La Cassazione Civile., Sez. VI, con ordinanza n. 6480 del 9 marzo 2021, chiarisce un punto importante laddove il correntista non sia in possesso del contratto di conto corrente e ne abbia fatto richiesta alla Banca.
Ai sensi del principio generale dell’onere della prova ex art. 2697 c.c., il correntista attore che agisce per la rideterminazione del saldo o la ripetizione dell’indebito ha l’onere di produrre il contratto; tuttavia, in presenza di pacifica acquisizione circa la conclusione del contratto verbis tantum o per facta concludentia, in caso di contestazione della banca, non può gravarsi il correntista della prova negativa della documentazione dell’accordo, incombendo semmai alla banca convenuta di dare prova positiva circa l’esistenza del contratto in forma scritta se vuole evitarne la pronunzia di nullità integrale ex art. 117 TUB. Difatti, Senza contratto scritto richiesto dalla legge ad substanziam non c’è diritto (della banca), perché la forma solenne è costitutiva del diritto medesimo
Si segnala ancora in materia la Cass. civ., Sez.
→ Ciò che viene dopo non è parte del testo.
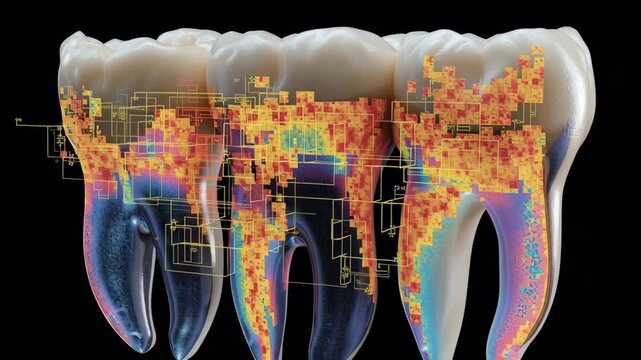 Dental Health Innovation concept ,Tooth decay and cavity risk visualized with colorful heatmap and digital data overlay molar teeth showing dental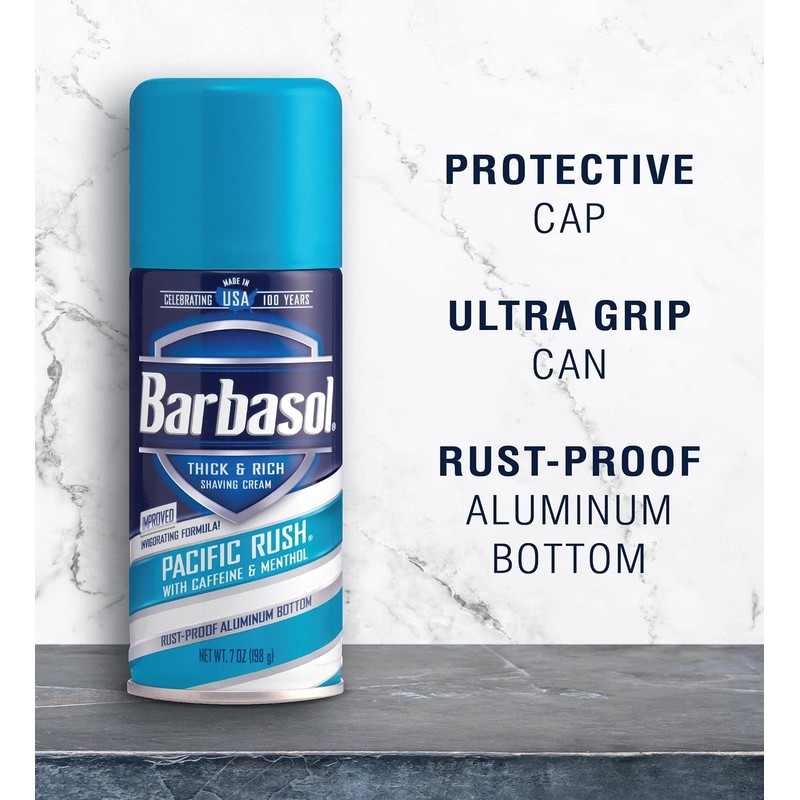 Barbasol Pacific Rush with Caffeine and Menthol Thick & Rich
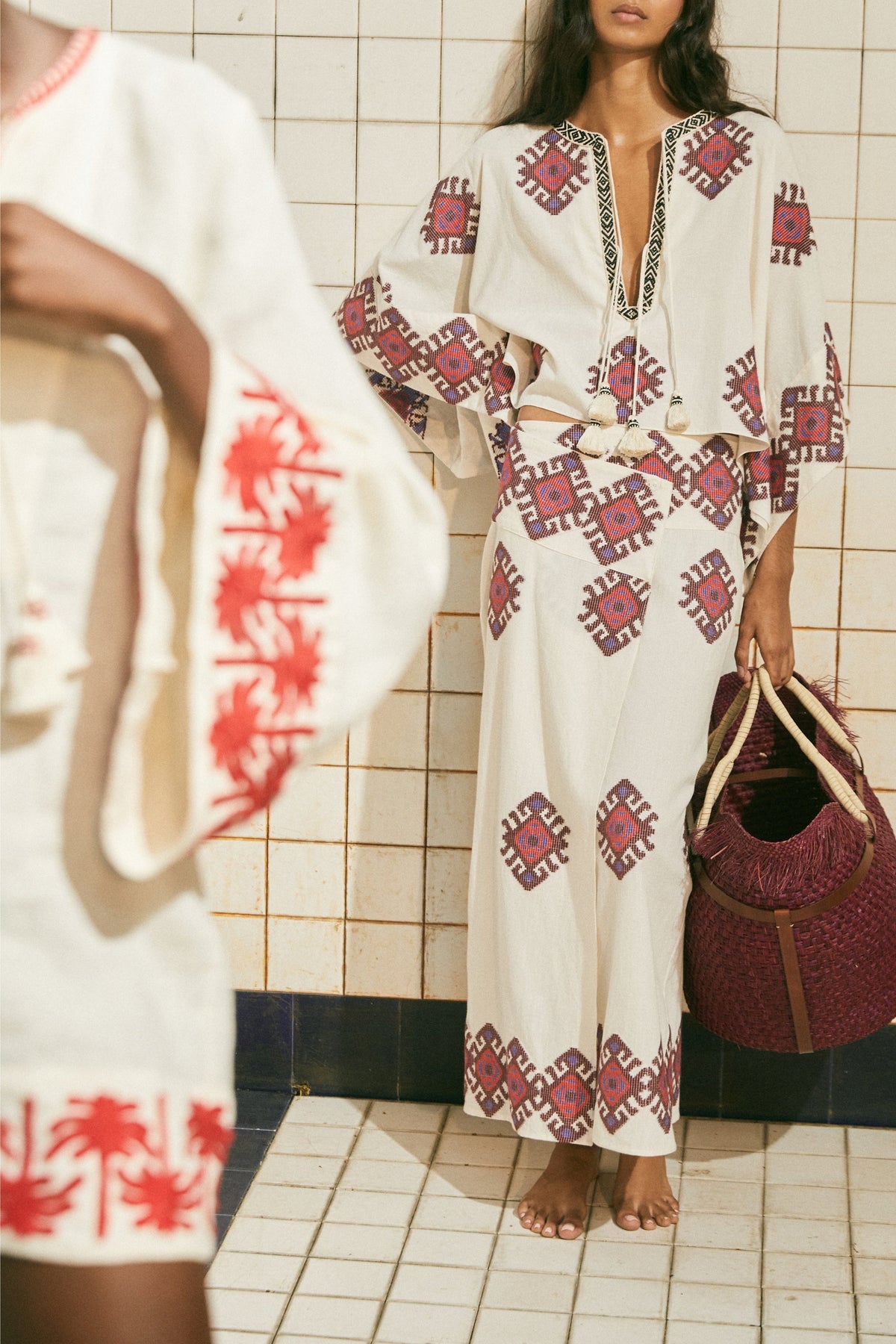 Poncho Bushveld en lin - Blanc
I, ordinanza n. 24051 del 26 settembre 2019: “quanto alle singole clausole … se è vero che anche nelle azioni di accertamento negativo l’onere della prova incombe sull’attore, tuttavia quanto ai fatti negativi (nella specie, inesistenza di convenzione scritta di interessi ultralegali e di previsione contrattuale sufficientemente specifica di commissioni di massimo scoperto) trova applicazione il principio di vicinanza o inerenza della prova, che ribalta l’onere sul convenuto (principio teorizzato frequentemente nella giurisprudenza di legittimità e applicato anche dalle Sezioni Unite, nella sentenza n. 13533 del 30/10/2001 sulla prova dell’inadempimento)”.